Fossil of the month: Ctenacanthus
What is this strange curved fossil? It might surprise you to discover it's not some type of plant stem or horn coral, but rather part of an ancient shark. Also, although its curving shape might make you think it's some type of internal bone like a rib, it's not. Sharks' skeletons are composed of cartilage rather than bone, and cartilage does not fossilize well, so shark ribs and most other skeletal parts are usually not fossilized. Bony hard parts like teeth, and in some cases, fin spines, are all that remain of ancient sharks, except in very rare cases. Few modern sharks have fin spines, but during the Paleozoic, several types of sharks and shark-like fish had fin spines like this.
Description. Ctenacanthus is a fossil fin spine. It is a form-genus, which means it is a name given to a variety of similar-appearing body parts, rather than to a specific organism. Whole spines are 4 to 7 inches (10 to 18 cm) in length, although smaller broken fragments of less than 2 inches are more common. Spines are slightly curving, and gradually taper to a point. Spines are ornamented with narrow, closely spaced, longitudinal (oriented along the long axis) ridges or ribs. Ribs are commonly ornamented with comb-like projections of tiny bumps (tubercules) across part of their length, although they may be lacking. In cross section, the front (anterior) side of the spine is slightly rounded, and the back (posterior) side is indented with a long furrow. The furrow is where the spine attached to the fin when the shark was living. The lateral margins of the posterior side of the spines are ornamented by a row of low, pointed to sawtooth-like protrusions (denticles).
Not all fossil fin spines are shark spines. Maisey (1981) stressed the similarity of many supposed Ctenacanthus spines to other Paleozoic shark and fish spines, as well as the historical tendency to label any fin spine as the genus Ctenacanthus, even if it differed in ornamentation. Some expertise is needed in differentiating fossil spine genera. Other fin spine genera include Amelacanthus, Bythiacanthus, Eunemacanthys, Goodrichthys, and Sphenacanthus. All of these fin-spine genera are classified based on subtle differences in ornamentation and overall shape. These differences are generally more apparent on whole spine fossils, than more commonly found spine fragments. Amelacanthus and Sphenacanthus are most similar to Ctenacanthus; they have an ornamentation dominated by longitudinal ridges, but the ridges and grooves between ridges differ slightly from Ctenacanthus, among other details. Maisey's (1981, 1982a, 1982b) research articles on Ctenacanthus contain descriptions and pictures of a variety of different types of fin spines for comparisons.

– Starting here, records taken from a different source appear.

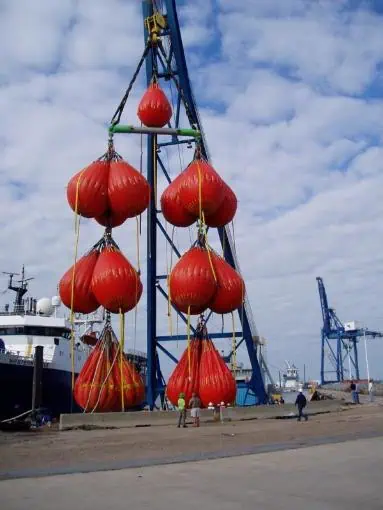 Crane lifting large red water bags at dockyard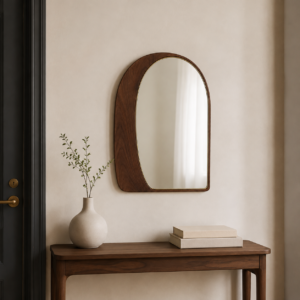 small walnut vanity mirror with brass detail in a boutique hotel dressing area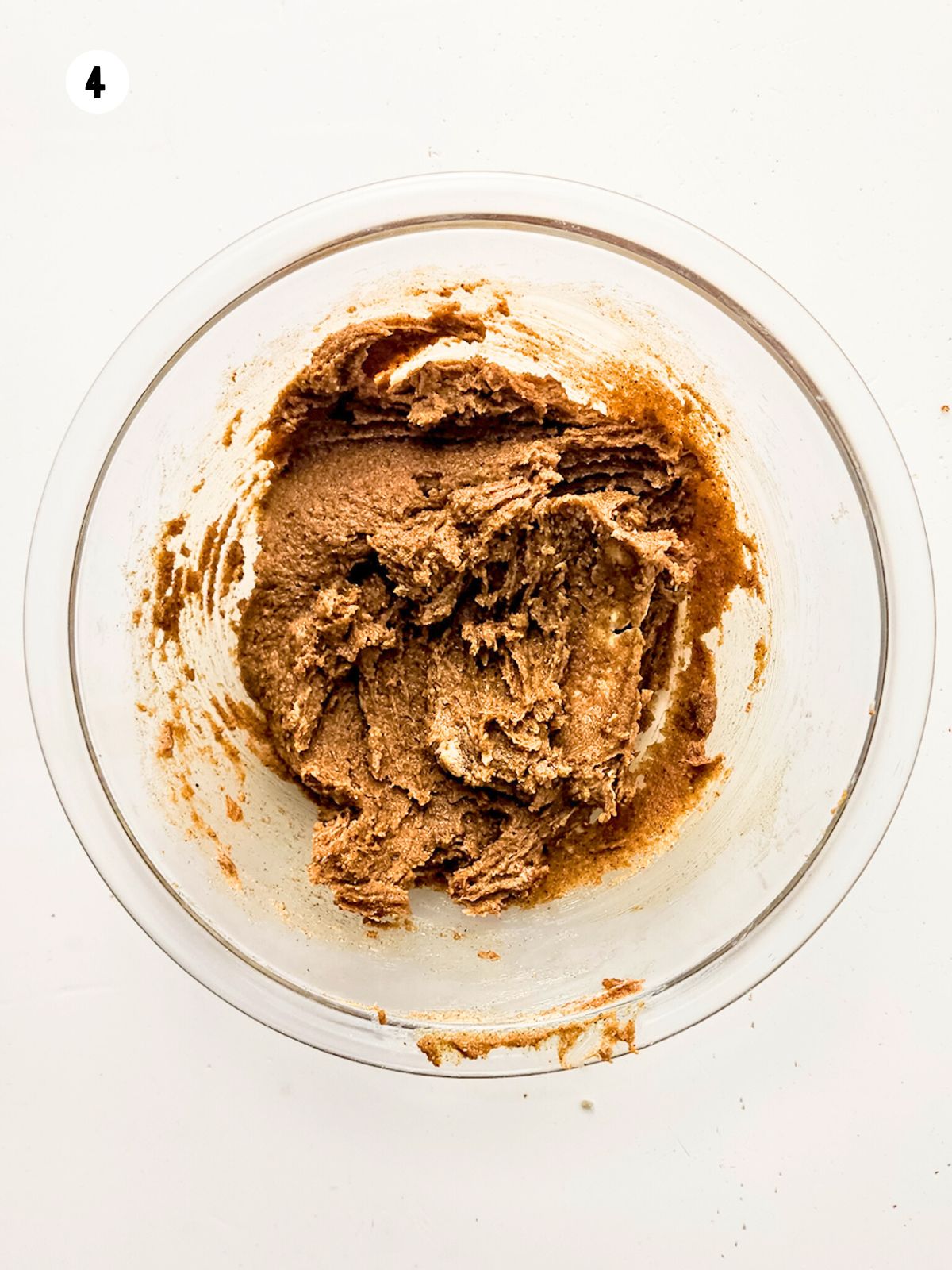 cinnamon sugar mixture in a glass mixing bowl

Species. If expertise may be needed to differentiate genera, it certainly is needed for species-level identification. Many species of Ctenacanthus have historically been reported across the globe, and many are invalid because they are not different enough from previously named species, original specimens were lost or not described well enough, or because new genera were named subsequent to the spines’ original designation as a type of Ctenacanthus.
Maisey (1981, 1982a, 1982b, 1984) reviewed historical reports and compared specimens of Ctenacanthus in many of the world's museums. His 1984 publication lists valid species names for the genus. Learn more about Ctenacanthus species from Kentucky.

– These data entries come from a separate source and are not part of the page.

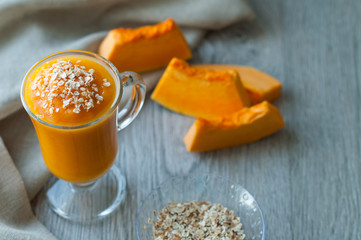 pumpkin smoothies, vitamin drink for breakfast. On a wooden background.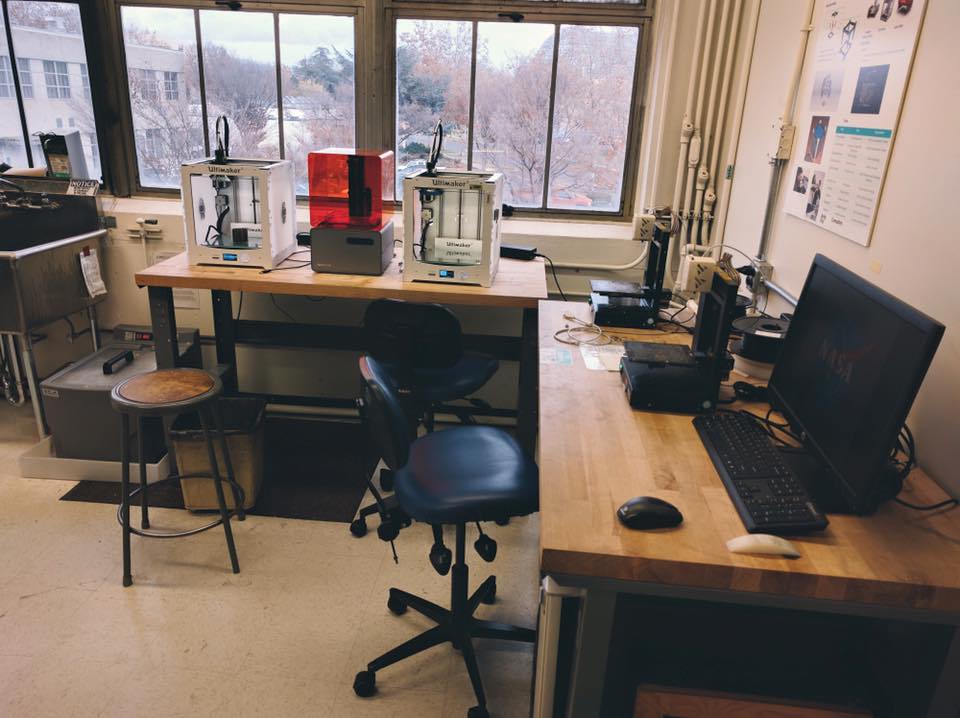 An office space with 3d printers and a computer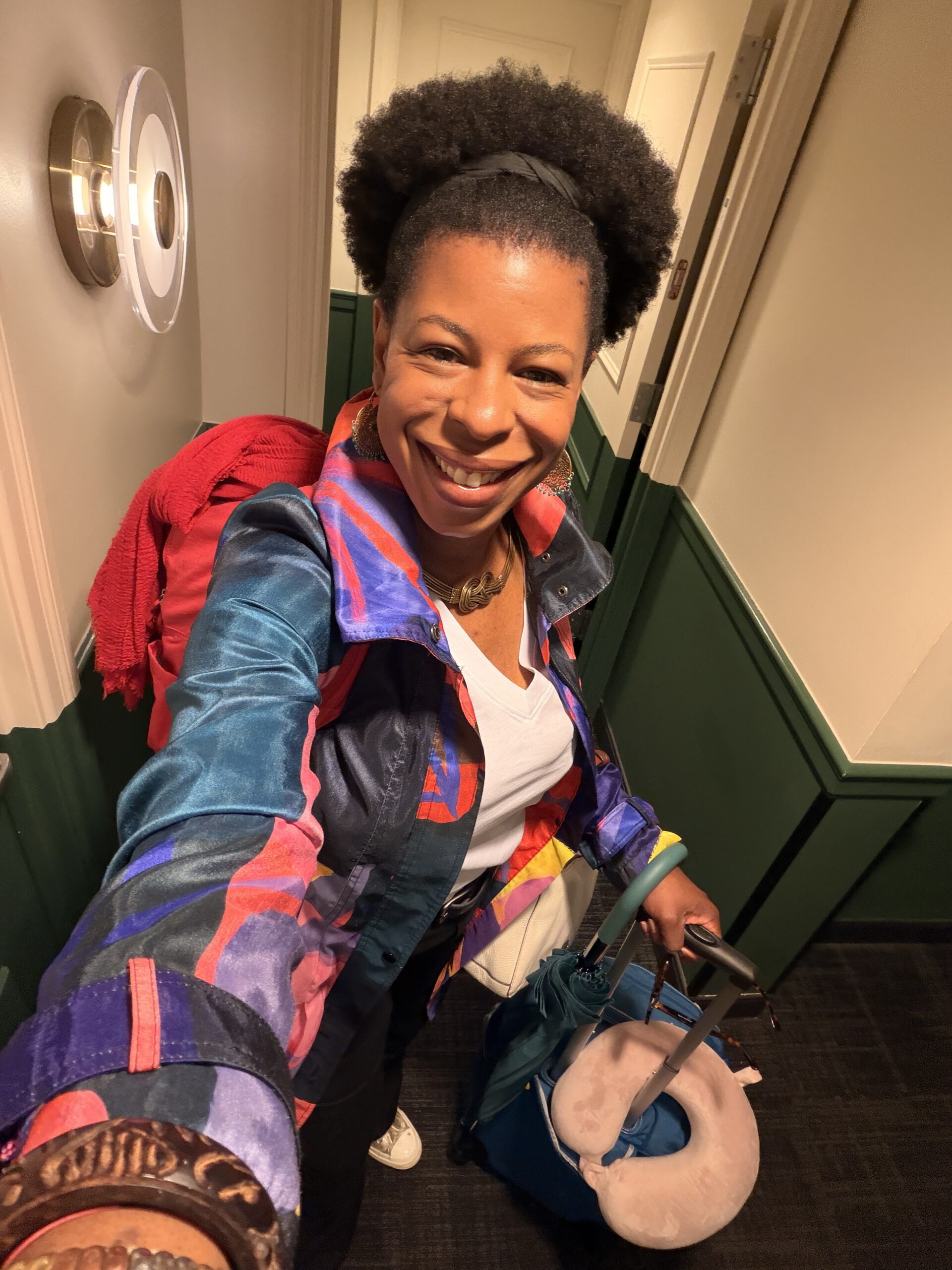 How Travel Changes You - Mercedes traveling with luggage about to set off on an adventure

Learn more about Ctenacanthus species from Kentucky.
Range and distribution. Ctenacanthus spines are found nearly worldwide in Devonian through Permian strata. The long range of the spines means they may have belonged to different genera and species of sharks through time. In Kentucky, they have been reported in Devonian through Pennsylvanian strata, including in the Late Devonian Ohio Shale and Berea Sandstone (Newberry, 1889), possibly the Early Mississippian Sunbury Shale (Miller, 1916), the Late Mississippian Slade Formation, and the late Middle Pennsylvanian Brush Creek and Ames Limestone Members of the Conemaugh Formation. Many of the historically reported spines, however, have subsequently been referred to other fin-spine genera, Ctenacanthus spines might not be found in all of these units in Kentucky. In surrounding states, Ctenacanthus spines have been found in correlative units, as well as in the mid-Mississippian Salem and St. Louis Limestones, unspecified Late Mississippian Chesterian limestones, and unspecified Pennsylvanian coal measures (Maisey, 1984).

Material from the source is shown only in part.